Isso, para mim, é o fenômeno mais estranho de todos a examinar. Porque é uma espécie de suicídio, um querer a morte em vida. (Coisa dos “supérfluos”, diria Nietzsche. Pode ser, mas esses “supérfluos” se fazem um contrapeso realmente danoso para quem quer fazer a própria vida.)
O (que eu, pessoalmente, acho) mais importante
Para o movimento agora, o que eu gostaria sinceramente que acontecesse é o seguinte:
1) um mergulho maior nas periferias
2) afastar a bandeira do Brasil e tirar de cena essa babaquice nacionalista de cantar o hino nacional… isso “puxa” os sentimentos mais conservadores e direitistas, e pode até acabar sim animando grupinhos neofascistas (que se encaixam bem na faixa de classe média-alta, não na periferia)… — este meu apelo de tirar de cena a bandeira nacional e ficar só com a branca, me parece sinceramente pouco provável que o movimento adote, infelizmente.
Quanto ao hino nacional: eu não vou cantar.
Não tenho nada contra o Brasil, muito pelo contrário.
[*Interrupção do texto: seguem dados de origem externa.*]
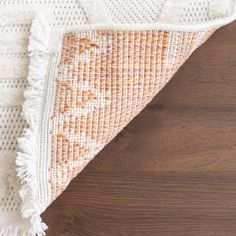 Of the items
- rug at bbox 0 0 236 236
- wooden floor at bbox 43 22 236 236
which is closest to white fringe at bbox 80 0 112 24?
rug at bbox 0 0 236 236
Amo esta terra em que vivo. Gosto da cor do céu (quando estou fora de São Paulo), da natureza etc. e gosto do modo de ser do brasileiro, muito. Mas “o Brasil” enquanto instituição, para mim não significa rigorosamente nada. Não sou nacionalista e nunca vou ser e não quero isso para a minha gente e a minha terra.
Se cantarem o hino nacional, vou me calar e cruzar os braços.
O MPL no meu entendimento está errado, e a presença de neofascismo não existe. Ninguém no movimento quer “lideranças fortes” de tipo nenhum, nem um espírito “de corpo”, “de unidade” ou babaquices do gênero, coisa que iria contra a variedade das reivindicações. Muito pelo contrário: isto é até o mais criticado no movimento pelos conservadores e os que querem difamá-lo. Mas o alerta que os caras do MPL fizeram não deixa de ter algum sentido, traz uma percepção inteligente de certos perigos, e precisa ser ouvido. Não há “neofascismo” nenhum no movimento. Mas sentimentos do tipo não deixam de se manifestar misturados na multidão a todos os outros sentimentos envolvidos.
Por isso, repito: se cantarem o hino nacional outra vez (e acredito que vão),
vou me calar e cruzar os braços — em protesto.